Abril*

Desde quando se lembra, abril é sempre belíssimo. A nítidez é a marca dos dias, em que as cores respeitam rigorosamente as margens. O que ele quer dizer é que em outros meses o borrão da névoa sempre mistura os azuis de céu e mar ou esmaece o verde da grama, desbota o amarelo das margaridas. O resto do ano eram pinturas impressionistas.

Abril, não. Junto com maio, abril é fotografia em alta definição, em que as cores ocupam com exatidão o espaço que lhes pertencem em cada paisagem. Não há céu transbordando para o mar nem plantas e flores manchando o sol. Cada elemento ocupa seu quadro com a precisão de um recorte, sem vazamentos. Talvez por isso as cores lhe pareçam mais concentradas, justamente porque são impedidas de se diluírem.

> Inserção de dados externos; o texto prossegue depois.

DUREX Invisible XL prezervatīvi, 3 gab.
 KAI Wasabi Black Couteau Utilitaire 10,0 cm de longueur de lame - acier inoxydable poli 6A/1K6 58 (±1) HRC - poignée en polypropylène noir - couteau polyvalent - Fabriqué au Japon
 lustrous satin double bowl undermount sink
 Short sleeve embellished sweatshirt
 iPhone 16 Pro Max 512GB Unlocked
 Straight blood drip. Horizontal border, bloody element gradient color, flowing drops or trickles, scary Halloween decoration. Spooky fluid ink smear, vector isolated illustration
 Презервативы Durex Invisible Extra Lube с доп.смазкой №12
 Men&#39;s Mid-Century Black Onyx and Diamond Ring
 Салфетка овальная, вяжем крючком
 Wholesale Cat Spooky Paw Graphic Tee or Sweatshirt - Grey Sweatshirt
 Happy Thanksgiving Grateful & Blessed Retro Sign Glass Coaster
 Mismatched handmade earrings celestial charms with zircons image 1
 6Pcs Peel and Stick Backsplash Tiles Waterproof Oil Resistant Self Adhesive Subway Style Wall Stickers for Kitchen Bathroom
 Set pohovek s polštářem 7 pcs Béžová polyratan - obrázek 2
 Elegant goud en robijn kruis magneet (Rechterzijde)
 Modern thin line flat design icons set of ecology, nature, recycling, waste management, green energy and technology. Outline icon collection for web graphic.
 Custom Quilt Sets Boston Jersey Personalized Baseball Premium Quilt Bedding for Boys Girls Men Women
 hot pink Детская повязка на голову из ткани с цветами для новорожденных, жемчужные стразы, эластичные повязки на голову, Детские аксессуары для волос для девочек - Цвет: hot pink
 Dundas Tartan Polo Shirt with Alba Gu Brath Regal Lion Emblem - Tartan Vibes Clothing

Mas abril é também mês de resfriados, pneumonias nascidas de gripes mal curadas, febres à beira do delírio. É em abril que as manhãs ventam geladas e sem nuvens, e por isso traiçoeiras. Ao ver o sol cegando o mundo, apostamos no calor e ganhamos as ruas apenas com nossas frágeis camisetas de verão. Quando damos pelo casaco, já é tarde, se foi metade do caminho, o ônibus está quase no ponto de descida, a hora do expediente está quase em cima. Mas aí a garganta já arde, não deixa engolir direito; a cabeça começou a doer do nada, um frio estranho e repentino nos faz tremer. E então nos enxergamos na goela do dia desejando apenas desaparecer em nossas cobertas.

Quantas dessas cenas tem vivas na memória: a manhã  mais espetacular que um cristal lavado, e ele escondido do frio num grosso capote, queimando em febre nos braços do pai, no colo da mãe, rumo ao médico que lhe receitaria injeções e xaropes repulsivos.

Por essas combinações da vida com o calendário, abril lhe desenterra da memória sobressaltos e a ocorrência de contratempos. Não tem o máximo da certeza, ou – vá lá – não tão nítida quanto as cores do mês – mas parentes e amigos queridos morreram em abril, de quando também recorda ter perdido o emprego e passado longo tempo batendo às portas. Fora em abril que batera o carro aquela vez, reduzindo-o a sucata? Se não era, estava perto de ser. Ano passado havia sido o abscesso no dente, a extração às pressas, uma semana de molho. Coincidências que desmerecem a aquarela desses dias, ele pensa no sinal fechado, olhando no horizonte a cortina alaranjada, rastro do sol desaparecido.

E este ano, o que vai ser? Pelo menos até agora, uma hérnia com certa urgência cirúrgica.

Queria virar tinta guache e ser espalhado na natureza por um pintor amalucado, embora de agudo senso estético. Ele demora a ir quando o sinal abre, porque está escolhendo que cor gostaria de ser.